[Devel] [PATCH v2] cgroup/cpuset: emulate cgroup in container

Thu Dec 14 11:08:41 MSK 2017

Other idea is - maybe we can not fake cpuset cgroup, but just allow 
these controller in container?

Main Idea of faking/hiding cpuset was: cpuset is not virtuallized(we 
don't have virtual processors) so container can bind itself to physical 
cpus and memory nodes. If several containers bind to same cpu they will 
end up competing for these cpu resources, it can influence performance 
badly. https://jira.sw.ru/browse/PSBM-30541

But AFAIKS performance is degraded only for containers which setup 
cpuset badly, all others are still scheduled on all cores and are fine. 
So we protect customers from themselves.

We can even add a feature to enable/disable cpuset per CT, e.g. vzctl 
sets ve.cpuset_enabled in ve cgroup before it's start, and after that 
from ve cgroup ctinit mounts cpuset in CT if it is listed in 
/proc/cgroups. Note we also need to do the same on criu restore.

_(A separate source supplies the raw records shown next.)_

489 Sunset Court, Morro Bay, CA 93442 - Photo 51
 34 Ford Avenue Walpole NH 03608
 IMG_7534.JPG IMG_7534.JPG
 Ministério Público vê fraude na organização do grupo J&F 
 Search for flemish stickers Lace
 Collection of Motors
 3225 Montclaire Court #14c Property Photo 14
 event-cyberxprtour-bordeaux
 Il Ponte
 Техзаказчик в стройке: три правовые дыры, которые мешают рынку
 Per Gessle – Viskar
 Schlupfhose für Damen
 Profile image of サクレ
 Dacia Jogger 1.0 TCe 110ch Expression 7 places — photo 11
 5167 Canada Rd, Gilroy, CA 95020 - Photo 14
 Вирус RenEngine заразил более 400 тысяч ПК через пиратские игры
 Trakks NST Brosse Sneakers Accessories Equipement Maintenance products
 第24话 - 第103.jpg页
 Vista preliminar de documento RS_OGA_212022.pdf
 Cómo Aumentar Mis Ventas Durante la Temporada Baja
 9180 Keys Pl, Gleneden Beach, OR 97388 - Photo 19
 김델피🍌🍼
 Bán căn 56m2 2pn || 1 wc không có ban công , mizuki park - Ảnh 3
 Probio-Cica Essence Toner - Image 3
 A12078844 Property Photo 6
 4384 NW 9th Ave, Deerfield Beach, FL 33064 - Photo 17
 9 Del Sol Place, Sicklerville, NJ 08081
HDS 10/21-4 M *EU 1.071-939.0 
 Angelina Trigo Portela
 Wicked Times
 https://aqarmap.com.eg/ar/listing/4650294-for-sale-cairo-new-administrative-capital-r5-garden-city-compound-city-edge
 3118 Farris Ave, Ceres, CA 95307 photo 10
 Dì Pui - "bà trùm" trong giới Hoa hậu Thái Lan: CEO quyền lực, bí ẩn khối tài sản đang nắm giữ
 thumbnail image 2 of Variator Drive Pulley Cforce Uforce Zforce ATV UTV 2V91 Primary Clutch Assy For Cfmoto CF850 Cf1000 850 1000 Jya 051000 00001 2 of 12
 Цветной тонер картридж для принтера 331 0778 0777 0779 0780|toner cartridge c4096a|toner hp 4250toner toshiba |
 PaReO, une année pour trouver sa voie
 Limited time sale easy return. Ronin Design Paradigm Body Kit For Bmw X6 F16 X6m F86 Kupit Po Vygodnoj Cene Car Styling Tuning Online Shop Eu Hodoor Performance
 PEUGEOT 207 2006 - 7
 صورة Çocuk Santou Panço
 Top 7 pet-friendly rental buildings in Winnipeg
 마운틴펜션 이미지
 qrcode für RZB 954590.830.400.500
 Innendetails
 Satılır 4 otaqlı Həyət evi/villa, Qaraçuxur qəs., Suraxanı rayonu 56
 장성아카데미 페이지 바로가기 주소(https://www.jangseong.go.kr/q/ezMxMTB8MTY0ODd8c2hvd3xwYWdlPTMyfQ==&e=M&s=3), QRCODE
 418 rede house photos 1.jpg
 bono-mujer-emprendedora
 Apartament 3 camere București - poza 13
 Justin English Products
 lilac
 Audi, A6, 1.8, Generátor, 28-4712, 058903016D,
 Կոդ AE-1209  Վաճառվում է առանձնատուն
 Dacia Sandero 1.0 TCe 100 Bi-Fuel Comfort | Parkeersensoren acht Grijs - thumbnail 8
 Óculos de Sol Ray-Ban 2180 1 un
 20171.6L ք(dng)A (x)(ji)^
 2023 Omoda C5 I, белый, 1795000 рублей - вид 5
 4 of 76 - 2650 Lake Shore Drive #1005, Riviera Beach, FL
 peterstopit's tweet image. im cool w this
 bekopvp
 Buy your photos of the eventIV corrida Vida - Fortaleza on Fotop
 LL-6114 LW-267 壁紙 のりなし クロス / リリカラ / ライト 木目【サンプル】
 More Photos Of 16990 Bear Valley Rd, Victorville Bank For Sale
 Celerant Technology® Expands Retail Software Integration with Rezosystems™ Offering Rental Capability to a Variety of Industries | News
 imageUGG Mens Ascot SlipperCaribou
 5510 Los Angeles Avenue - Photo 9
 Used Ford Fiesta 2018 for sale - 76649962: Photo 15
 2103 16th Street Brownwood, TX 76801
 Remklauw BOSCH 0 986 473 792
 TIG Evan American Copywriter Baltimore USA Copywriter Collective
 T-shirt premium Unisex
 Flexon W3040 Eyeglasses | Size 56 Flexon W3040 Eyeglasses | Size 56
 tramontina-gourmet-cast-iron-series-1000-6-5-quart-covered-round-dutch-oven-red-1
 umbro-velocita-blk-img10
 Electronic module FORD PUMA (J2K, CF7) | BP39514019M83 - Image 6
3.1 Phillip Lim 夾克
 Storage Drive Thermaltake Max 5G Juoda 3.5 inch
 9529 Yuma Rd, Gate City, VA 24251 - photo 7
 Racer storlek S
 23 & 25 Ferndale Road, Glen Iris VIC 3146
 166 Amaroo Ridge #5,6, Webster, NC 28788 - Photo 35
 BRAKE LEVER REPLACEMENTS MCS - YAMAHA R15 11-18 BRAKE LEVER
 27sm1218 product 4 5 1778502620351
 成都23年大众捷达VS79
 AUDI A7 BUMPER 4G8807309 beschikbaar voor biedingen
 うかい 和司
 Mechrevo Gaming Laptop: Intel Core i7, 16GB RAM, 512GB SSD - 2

On 12/13/2017 07:52 PM, Stanislav Kinsburskiy wrote:
> Any changes to this cgroup are skipped in container, but success code is
> returned.
> The idea is to fool Docker/Kubernetes.
> 
> https://jira.sw.ru/browse/PSBM-58423
> 
> This patch obsoletes "ve/proc/cpuset: do not show cpuset in CT"
> 
> v2:
> Do not attach tasks in cpuset_change_cpumask on cpuset set change, it
> requested from non-super VE.
> This is a second part of the logic.
> The first was to not change cpuset for newly added task. This one - to not
> set new cpuset for all the tasks in cgroup
> 
> Signed-off-by: Stanislav Kinsburskiy <skinsbursky at virtuozzo.com>
> ---
>   kernel/cpuset.c |   12 ++++++++++++
>   1 file changed, 12 insertions(+)
> 
> diff --git a/kernel/cpuset.c b/kernel/cpuset.c
> index 26d88eb..43b1410 100644
> --- a/kernel/cpuset.c
> +++ b/kernel/cpuset.c
> @@ -848,6 +848,9 @@ static int cpuset_test_cpumask(struct task_struct *tsk,
>   static void cpuset_change_cpumask(struct task_struct *tsk,
>   				  struct cgroup_scanner *scan)
>   {
> +	if (!ve_is_super(get_exec_env()))
> +		return;
> +

Likely we have to do the same for nodemask too if we choose to fake 
cpuset cgroup, and maybe some others:

ls /sys/fs/cgroup/cpuset/cpuset.*
/sys/fs/cgroup/cpuset/cpuset.cpu_exclusive
/sys/fs/cgroup/cpuset/cpuset.cpus
/sys/fs/cgroup/cpuset/cpuset.mem_exclusive
/sys/fs/cgroup/cpuset/cpuset.mem_hardwall
/sys/fs/cgroup/cpuset/cpuset.memory_migrate
/sys/fs/cgroup/cpuset/cpuset.memory_pressure
/sys/fs/cgroup/cpuset/cpuset.memory_pressure_enabled
/sys/fs/cgroup/cpuset/cpuset.memory_spread_page
/sys/fs/cgroup/cpuset/cpuset.memory_spread_slab
/sys/fs/cgroup/cpuset/cpuset.mems
/sys/fs/cgroup/cpuset/cpuset.sched_load_balance
/sys/fs/cgroup/cpuset/cpuset.sched_relax_domain_leve

>   	set_cpus_allowed_ptr(tsk, ((cgroup_cs(scan->cg))->cpus_allowed));
>   }
>   
> @@ -1441,6 +1444,9 @@ static int cpuset_can_attach(struct cgroup *cgrp, struct cgroup_taskset *tset)
>   	struct task_struct *task;
>   	int ret;
>   
> +	if (!ve_is_super(get_exec_env()))
> +		return 0;
> +
>   	mutex_lock(&cpuset_mutex);
>   
>   	ret = -ENOSPC;
> @@ -1470,6 +1476,9 @@ static int cpuset_can_attach(struct cgroup *cgrp, struct cgroup_taskset *tset)
>   static void cpuset_cancel_attach(struct cgroup *cgrp,
>   				 struct cgroup_taskset *tset)
>   {
> +	if (!ve_is_super(get_exec_env()))
> +		return;
> +
>   	mutex_lock(&cpuset_mutex);
>   	cgroup_cs(cgrp)->attach_in_progress--;
>   	mutex_unlock(&cpuset_mutex);
> @@ -1494,6 +1503,9 @@ static void cpuset_attach(struct cgroup *cgrp, struct cgroup_taskset *tset)
>   	struct cpuset *cs = cgroup_cs(cgrp);
>   	struct cpuset *oldcs = cgroup_cs(oldcgrp);
>   
> +	if (!ve_is_super(get_exec_env()))
> +		return;
> +
>   	mutex_lock(&cpuset_mutex);
>   
>   	/* prepare for attach */
> 

-- 
Best regards, Tikhomirov Pavel
Software Developer, Virtuozzo.